* Task details *
Would you repeat exactly the part of the listing below that runs from the line containing "Trendy Woolen Denim" down to the line containing "春***雨木风化茶盘一物一拍", inclusive, and nothing else?

* Supplied entries *
——

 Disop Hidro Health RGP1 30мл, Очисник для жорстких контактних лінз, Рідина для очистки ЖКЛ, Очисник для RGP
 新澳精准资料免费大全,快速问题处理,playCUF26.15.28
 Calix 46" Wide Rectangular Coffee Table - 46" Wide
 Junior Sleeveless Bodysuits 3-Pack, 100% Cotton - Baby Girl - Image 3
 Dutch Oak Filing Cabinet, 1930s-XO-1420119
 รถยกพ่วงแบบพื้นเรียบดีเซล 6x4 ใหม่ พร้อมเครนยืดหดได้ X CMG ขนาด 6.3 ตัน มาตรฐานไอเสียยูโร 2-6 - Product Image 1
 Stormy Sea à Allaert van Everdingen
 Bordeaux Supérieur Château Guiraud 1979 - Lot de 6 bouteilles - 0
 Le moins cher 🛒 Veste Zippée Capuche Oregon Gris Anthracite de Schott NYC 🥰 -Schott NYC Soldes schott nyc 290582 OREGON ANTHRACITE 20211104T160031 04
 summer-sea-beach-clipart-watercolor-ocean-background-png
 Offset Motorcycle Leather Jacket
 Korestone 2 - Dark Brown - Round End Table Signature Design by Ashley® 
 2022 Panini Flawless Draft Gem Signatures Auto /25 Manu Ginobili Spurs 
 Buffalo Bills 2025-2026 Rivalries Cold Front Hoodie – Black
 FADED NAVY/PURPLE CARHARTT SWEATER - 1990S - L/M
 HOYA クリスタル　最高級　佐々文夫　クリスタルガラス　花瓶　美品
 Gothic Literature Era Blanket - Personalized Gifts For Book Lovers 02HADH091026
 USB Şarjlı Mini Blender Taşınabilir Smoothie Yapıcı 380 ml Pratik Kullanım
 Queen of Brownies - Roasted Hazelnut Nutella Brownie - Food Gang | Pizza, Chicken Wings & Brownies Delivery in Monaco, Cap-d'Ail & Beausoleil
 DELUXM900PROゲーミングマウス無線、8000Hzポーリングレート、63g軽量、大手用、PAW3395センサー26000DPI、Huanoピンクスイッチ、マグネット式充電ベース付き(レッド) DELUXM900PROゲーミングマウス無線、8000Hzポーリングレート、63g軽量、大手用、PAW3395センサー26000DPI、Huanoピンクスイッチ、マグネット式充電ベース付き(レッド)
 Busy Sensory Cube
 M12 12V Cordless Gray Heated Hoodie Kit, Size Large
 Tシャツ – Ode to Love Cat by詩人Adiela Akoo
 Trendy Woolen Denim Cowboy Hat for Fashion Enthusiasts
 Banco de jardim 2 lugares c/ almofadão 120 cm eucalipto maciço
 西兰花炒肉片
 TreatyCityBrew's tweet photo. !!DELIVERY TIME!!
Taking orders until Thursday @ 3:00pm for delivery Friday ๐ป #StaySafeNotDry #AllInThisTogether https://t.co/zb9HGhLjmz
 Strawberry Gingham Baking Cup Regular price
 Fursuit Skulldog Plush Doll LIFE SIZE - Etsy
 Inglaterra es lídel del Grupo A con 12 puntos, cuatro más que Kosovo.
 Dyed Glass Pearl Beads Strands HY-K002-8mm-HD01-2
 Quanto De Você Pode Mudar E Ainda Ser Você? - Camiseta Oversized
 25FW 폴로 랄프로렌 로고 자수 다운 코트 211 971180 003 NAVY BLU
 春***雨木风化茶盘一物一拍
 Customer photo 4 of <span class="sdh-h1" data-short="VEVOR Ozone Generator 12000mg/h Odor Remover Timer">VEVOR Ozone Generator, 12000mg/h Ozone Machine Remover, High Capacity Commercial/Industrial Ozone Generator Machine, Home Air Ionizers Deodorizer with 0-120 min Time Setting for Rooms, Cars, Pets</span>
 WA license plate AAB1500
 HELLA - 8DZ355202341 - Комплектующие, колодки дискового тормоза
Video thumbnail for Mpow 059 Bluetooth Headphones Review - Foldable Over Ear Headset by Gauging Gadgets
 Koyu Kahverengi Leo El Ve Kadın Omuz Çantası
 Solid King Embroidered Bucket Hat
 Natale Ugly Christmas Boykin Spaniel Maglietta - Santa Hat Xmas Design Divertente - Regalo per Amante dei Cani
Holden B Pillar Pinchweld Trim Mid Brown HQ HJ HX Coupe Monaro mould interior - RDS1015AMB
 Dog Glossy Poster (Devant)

——

* Output below *
 Trendy Woolen Denim Cowboy Hat for Fashion Enthusiasts
 Banco de jardim 2 lugares c/ almofadão 120 cm eucalipto maciço
 西兰花炒肉片
 TreatyCityBrew's tweet photo. !!DELIVERY TIME!!
Taking orders until Thursday @ 3:00pm for delivery Friday ๐ป #StaySafeNotDry #AllInThisTogether https://t.co/zb9HGhLjmz
 Strawberry Gingham Baking Cup Regular price
 Fursuit Skulldog Plush Doll LIFE SIZE - Etsy
 Inglaterra es lídel del Grupo A con 12 puntos, cuatro más que Kosovo.
 Dyed Glass Pearl Beads Strands HY-K002-8mm-HD01-2
 Quanto De Você Pode Mudar E Ainda Ser Você? - Camiseta Oversized
 25FW 폴로 랄프로렌 로고 자수 다운 코트 211 971180 003 NAVY BLU
 春***雨木风化茶盘一物一拍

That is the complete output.